▸ Exercise requirements
Output the entries as they appear, skipping images.

▸ Data
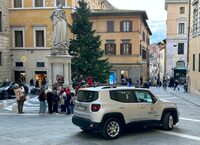 シエナ旧市街をパトロールするイタリア陸軍の「ジープ・レネゲード」。2025年12月撮影。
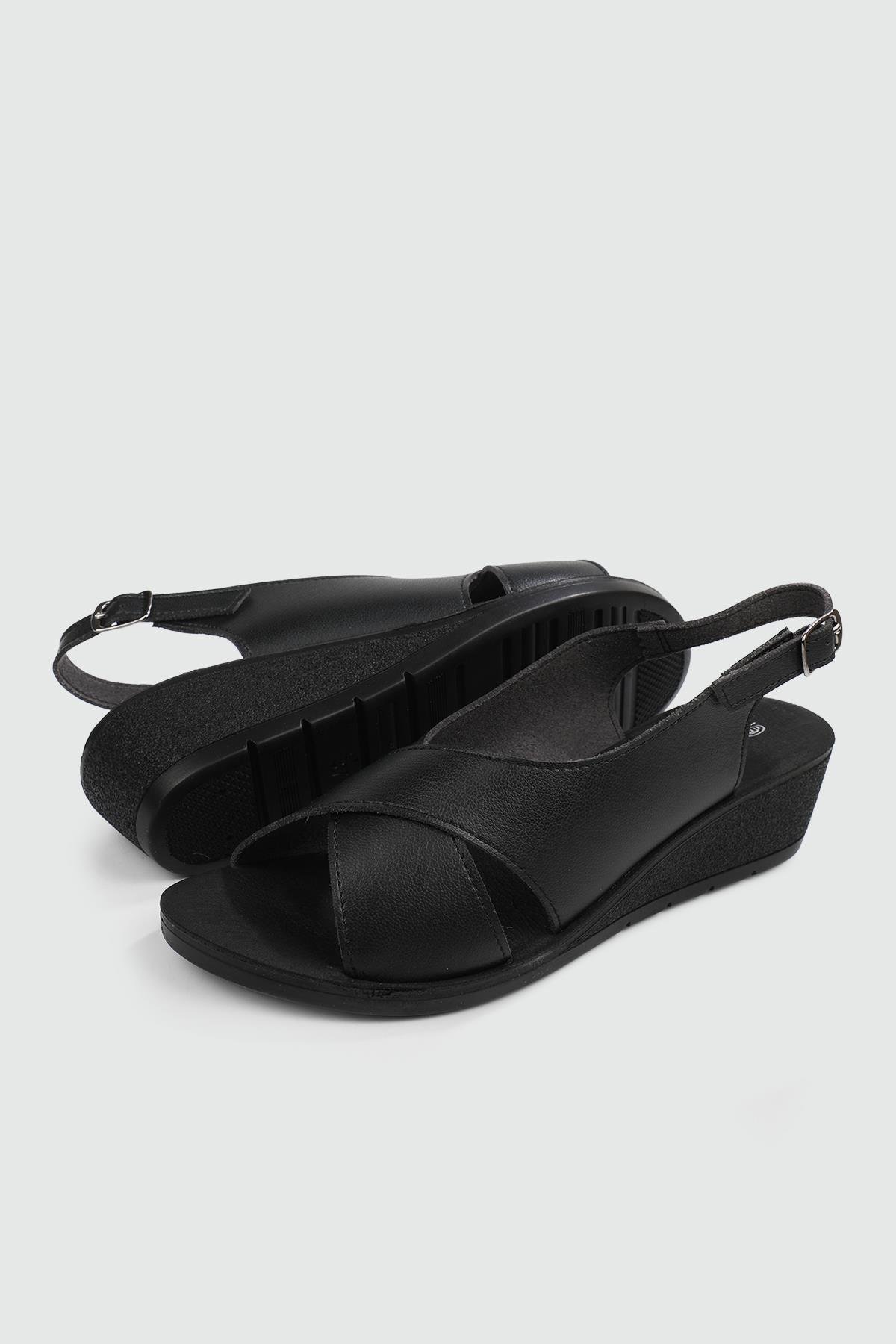 Günlük Anatomik İç Taban Siyah Kadın Sandalet VİENZA Kadın Dolgu Topuklu Sandalet Muya MUYA 31028 VİENZA ZEN SAND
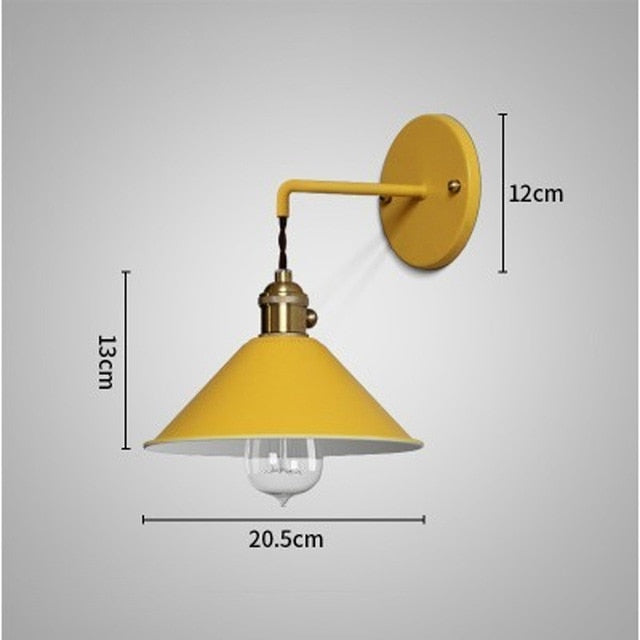 Compact American Wall Lamp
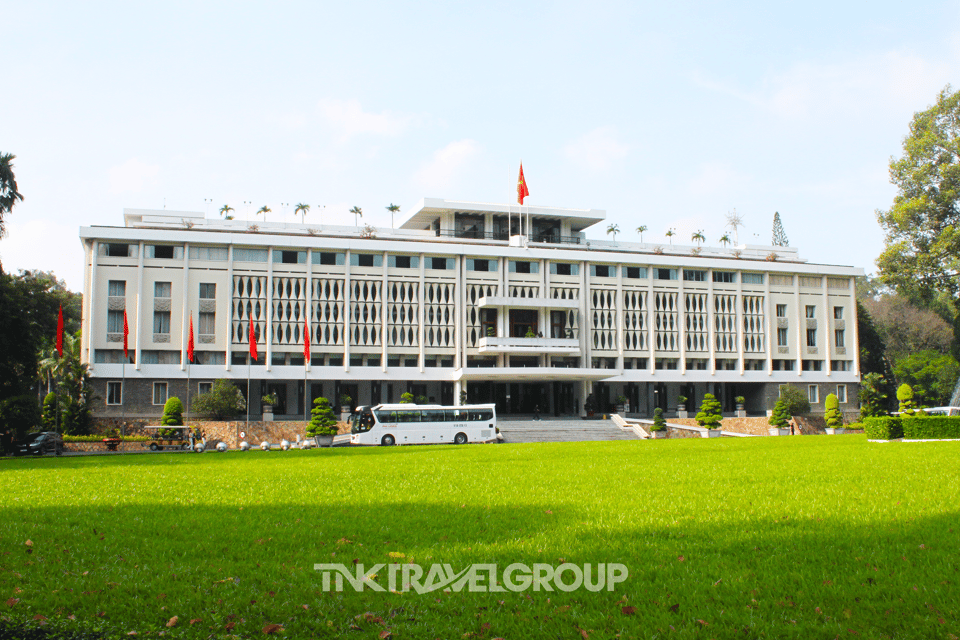 From Ho Chi Minh City: City Tour & Cu Chi Tunnels Tour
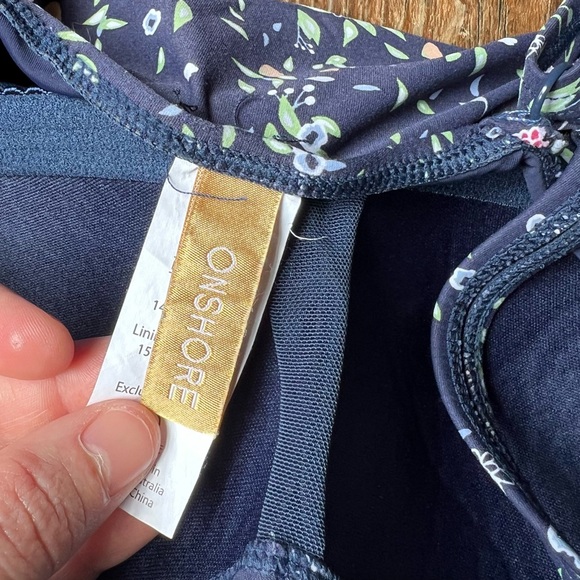 Onshore Women’s Navy Blue Floral One Piece Size 8 - Picture 4 of 4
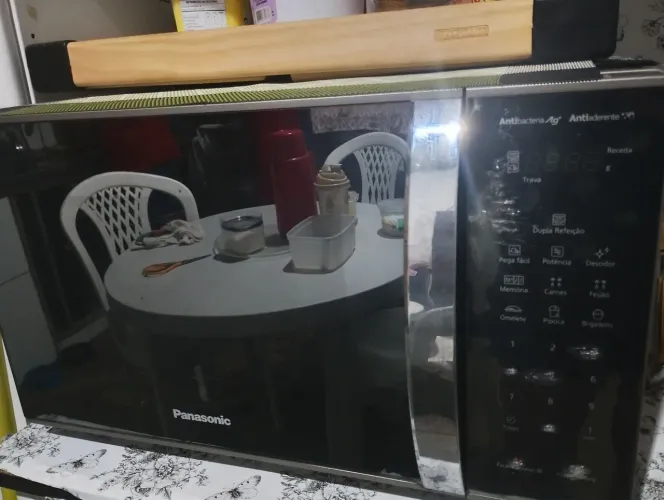 Microondas Panasonic . 27 litros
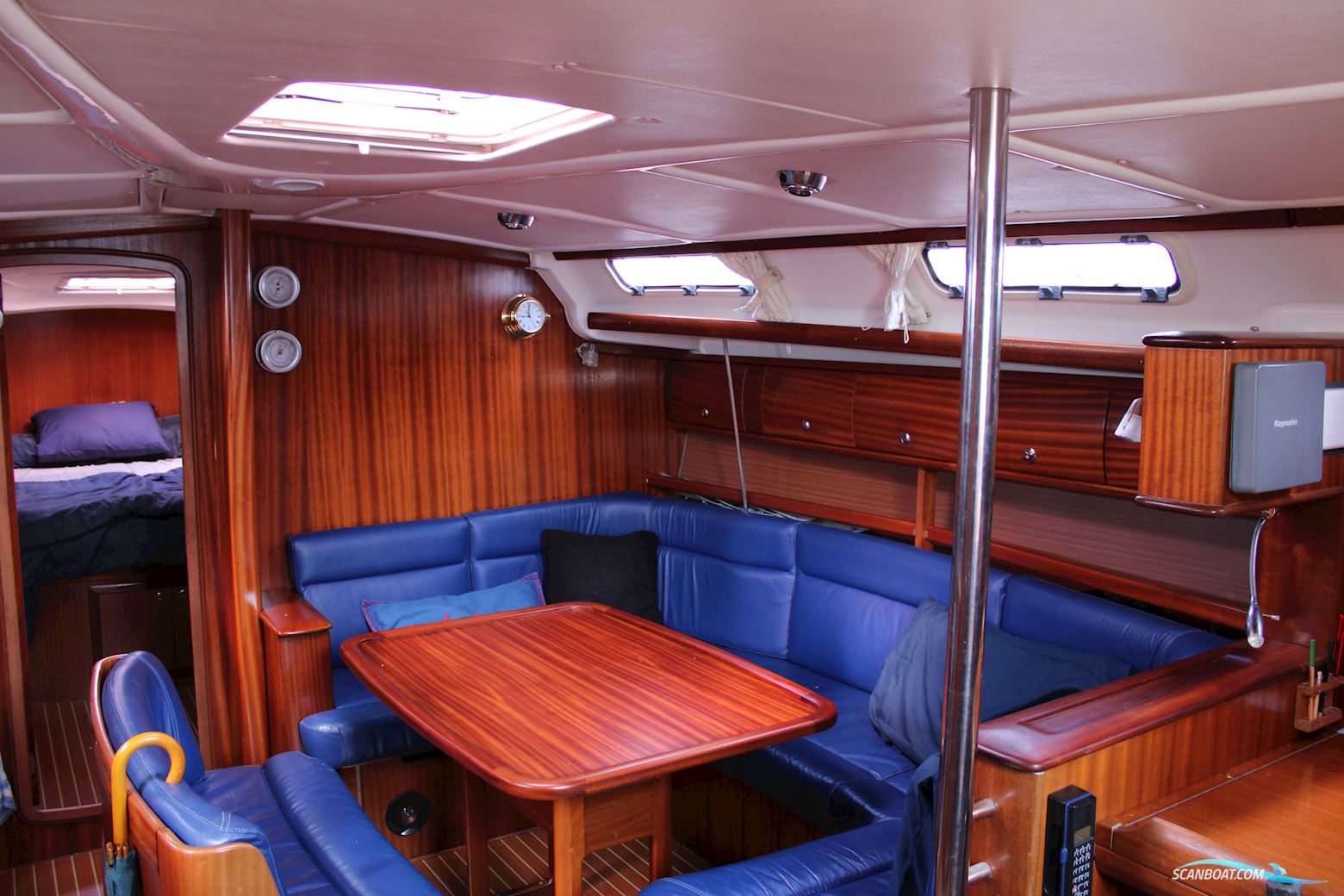 Bavaria 44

▸ Answer below
 シエナ旧市街をパトロールするイタリア陸軍の「ジープ・レネゲード」。2025年12月撮影。
 Günlük Anatomik İç Taban Siyah Kadın Sandalet VİENZA Kadın Dolgu Topuklu Sandalet Muya MUYA 31028 VİENZA ZEN SAND
 Compact American Wall Lamp
 From Ho Chi Minh City: City Tour & Cu Chi Tunnels Tour
 Onshore Women’s Navy Blue Floral One Piece Size 8 - Picture 4 of 4
 Microondas Panasonic . 27 litros
 Bavaria 44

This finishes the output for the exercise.